The research, which was commissioned by leading data management company DocAuthority, surveyed 2,827 professionals in the United States and United Kingdom across seven functional areas. The results found that when asked to estimate the monetary value of different types of business information, IT Security departments undervalued documents including R&D and financial reports, whilst excessively prioritising less sensitive PII-related data.

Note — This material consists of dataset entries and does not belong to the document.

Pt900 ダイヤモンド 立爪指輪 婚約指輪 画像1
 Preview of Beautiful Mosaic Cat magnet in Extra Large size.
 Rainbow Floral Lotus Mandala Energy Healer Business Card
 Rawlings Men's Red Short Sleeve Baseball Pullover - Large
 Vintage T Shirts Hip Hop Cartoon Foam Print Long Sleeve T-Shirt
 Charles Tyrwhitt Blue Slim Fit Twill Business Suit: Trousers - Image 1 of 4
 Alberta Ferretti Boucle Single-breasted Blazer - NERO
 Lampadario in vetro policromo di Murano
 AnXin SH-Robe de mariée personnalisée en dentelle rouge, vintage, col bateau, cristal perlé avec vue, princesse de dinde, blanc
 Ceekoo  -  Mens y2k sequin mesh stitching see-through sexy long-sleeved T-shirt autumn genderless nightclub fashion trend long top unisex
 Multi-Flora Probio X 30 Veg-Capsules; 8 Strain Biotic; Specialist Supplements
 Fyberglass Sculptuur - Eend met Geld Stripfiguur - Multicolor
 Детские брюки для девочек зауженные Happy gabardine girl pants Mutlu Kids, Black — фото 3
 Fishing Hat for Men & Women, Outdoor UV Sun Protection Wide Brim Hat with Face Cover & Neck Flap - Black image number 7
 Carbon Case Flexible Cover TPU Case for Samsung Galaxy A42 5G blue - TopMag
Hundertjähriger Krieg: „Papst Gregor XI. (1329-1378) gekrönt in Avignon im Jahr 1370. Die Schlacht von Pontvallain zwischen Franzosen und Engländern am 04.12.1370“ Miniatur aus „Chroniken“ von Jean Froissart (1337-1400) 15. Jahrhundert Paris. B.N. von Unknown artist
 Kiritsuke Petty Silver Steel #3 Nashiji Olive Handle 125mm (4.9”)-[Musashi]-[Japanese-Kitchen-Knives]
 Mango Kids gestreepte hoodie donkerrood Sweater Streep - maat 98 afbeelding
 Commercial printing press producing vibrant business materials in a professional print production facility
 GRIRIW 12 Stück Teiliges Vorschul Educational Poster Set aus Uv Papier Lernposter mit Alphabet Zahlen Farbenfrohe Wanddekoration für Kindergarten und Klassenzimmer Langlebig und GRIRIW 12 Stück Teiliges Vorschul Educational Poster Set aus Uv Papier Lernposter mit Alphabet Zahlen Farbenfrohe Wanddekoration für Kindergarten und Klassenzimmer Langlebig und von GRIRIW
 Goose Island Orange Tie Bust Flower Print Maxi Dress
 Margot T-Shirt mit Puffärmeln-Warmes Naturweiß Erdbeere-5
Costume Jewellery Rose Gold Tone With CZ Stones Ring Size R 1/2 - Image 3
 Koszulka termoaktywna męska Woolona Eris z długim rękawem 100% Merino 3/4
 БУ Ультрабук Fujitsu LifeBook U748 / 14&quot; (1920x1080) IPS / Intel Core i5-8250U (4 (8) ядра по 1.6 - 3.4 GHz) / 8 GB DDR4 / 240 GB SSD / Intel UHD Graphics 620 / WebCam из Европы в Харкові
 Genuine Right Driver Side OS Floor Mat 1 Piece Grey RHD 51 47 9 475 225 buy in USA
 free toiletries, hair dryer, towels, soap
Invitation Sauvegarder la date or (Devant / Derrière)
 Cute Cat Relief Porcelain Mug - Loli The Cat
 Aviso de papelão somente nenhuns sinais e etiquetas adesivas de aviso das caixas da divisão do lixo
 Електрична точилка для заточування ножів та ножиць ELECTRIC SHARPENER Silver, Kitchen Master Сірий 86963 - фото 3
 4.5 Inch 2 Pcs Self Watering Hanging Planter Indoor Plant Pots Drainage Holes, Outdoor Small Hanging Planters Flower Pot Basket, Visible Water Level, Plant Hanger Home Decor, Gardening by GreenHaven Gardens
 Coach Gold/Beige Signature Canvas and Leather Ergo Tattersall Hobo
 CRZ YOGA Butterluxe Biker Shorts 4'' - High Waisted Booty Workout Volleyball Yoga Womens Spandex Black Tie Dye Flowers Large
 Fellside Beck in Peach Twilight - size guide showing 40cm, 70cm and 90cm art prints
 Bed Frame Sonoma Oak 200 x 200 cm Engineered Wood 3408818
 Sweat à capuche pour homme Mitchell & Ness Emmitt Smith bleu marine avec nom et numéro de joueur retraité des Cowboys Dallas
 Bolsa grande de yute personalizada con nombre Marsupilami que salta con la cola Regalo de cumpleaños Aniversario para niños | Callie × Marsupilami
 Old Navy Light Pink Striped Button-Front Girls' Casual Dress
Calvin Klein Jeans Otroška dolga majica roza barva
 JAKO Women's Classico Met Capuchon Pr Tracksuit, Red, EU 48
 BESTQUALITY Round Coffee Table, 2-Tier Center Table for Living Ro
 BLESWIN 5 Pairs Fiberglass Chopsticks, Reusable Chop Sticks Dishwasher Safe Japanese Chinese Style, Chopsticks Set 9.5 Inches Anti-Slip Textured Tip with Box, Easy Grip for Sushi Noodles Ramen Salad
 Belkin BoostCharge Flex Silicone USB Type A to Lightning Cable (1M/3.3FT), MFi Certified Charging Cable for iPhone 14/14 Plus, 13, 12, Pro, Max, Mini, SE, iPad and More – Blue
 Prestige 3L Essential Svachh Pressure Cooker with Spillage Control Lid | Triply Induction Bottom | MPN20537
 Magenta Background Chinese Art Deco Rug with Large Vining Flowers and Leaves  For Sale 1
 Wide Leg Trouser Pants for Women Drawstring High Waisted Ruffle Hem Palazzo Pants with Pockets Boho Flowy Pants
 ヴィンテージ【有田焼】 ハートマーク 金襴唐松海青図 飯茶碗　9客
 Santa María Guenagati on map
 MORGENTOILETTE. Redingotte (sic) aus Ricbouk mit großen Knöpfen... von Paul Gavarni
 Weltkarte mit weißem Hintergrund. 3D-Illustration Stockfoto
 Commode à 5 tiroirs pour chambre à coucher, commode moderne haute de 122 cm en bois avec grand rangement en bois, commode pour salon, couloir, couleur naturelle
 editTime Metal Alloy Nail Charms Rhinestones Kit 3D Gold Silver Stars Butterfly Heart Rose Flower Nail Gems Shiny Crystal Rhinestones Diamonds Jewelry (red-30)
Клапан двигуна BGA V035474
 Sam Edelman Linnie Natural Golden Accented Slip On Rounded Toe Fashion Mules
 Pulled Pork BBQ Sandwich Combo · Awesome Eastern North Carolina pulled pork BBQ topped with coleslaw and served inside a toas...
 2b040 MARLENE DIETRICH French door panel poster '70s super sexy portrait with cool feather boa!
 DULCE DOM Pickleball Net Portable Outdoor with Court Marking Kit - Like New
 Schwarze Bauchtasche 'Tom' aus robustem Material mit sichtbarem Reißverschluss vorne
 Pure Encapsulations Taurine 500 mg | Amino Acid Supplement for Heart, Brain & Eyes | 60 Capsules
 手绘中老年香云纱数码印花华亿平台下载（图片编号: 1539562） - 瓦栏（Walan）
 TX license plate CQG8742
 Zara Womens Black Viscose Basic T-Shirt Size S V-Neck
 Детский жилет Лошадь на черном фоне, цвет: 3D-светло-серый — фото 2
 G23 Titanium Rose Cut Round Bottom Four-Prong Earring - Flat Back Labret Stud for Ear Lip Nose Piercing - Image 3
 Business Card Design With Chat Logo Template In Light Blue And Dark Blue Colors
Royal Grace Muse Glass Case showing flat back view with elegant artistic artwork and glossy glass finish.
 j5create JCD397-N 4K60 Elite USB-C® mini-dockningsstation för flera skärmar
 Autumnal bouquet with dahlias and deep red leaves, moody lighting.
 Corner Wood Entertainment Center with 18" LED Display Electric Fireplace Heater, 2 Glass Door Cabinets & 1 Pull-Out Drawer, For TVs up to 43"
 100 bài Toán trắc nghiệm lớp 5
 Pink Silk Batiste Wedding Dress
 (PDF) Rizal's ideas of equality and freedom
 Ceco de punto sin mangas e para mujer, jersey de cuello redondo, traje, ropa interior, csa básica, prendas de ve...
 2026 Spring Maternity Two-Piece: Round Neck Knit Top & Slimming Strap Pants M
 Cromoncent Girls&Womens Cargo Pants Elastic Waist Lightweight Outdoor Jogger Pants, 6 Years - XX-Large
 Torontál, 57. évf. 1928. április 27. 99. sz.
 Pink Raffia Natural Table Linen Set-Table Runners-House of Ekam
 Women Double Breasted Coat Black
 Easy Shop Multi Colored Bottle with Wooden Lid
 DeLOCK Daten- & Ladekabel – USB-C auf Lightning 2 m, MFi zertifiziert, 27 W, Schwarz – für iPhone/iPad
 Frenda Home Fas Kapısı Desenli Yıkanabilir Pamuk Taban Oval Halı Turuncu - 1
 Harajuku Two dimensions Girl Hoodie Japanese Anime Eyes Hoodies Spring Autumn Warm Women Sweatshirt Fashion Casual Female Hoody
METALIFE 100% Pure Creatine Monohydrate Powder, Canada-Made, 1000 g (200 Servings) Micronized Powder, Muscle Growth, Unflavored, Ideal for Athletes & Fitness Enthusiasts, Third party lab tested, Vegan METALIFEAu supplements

This increases the chance of a major data breach, the mishandling of access rights for employees and the application of incorrect levels of security to low value documents:
"Typically, the security and protection of business data is considered to be the responsibility of the IT Security department. Yet it’s clear from this research that IT Security does not have the vitally-important context required to understand the true value of that data, and in turn create an effective strategy for defending it,” says Doctor Larry Ponemon, Chairman and Founder of the Ponemon Institute. “Rather than being relegated to IT, data and its protection should be the concern of not only management level, but the business as a whole.”
Steve Abbott, the CEO of DocAuthority comments: "Only around 5% of data retained by businesses will be crucial to running the current and future organisation. Despite this, most businesses still apply unrepresentative, or ‘one size fits all’ levels of security to their data assets. Businesses need to consider how they can take a more strategic and cost-effective approach by identifying critical data that is worth security investment. Whilst a manual scan of unstructured data held by a typical 5000 seat organisation could take up to 400 years, Artificial Intelligence (AI) tools can help businesses identify and categorise data with an unprecedented level of accuracy, in a rapid timeframe.”
Steve Abbott adds, “It’s important to consider that obscurity around data could have far reaching ramifications. Despite company data being a hugely valuable business asset, organisations rarely have a clear view of what they own and what it’s worth. As a result, within the context of a sale for example, data assets are likely to be overlooked as part of a business’s valuation. We are confident that this will change as the business world starts to understand how data can impact a business's bottom line.”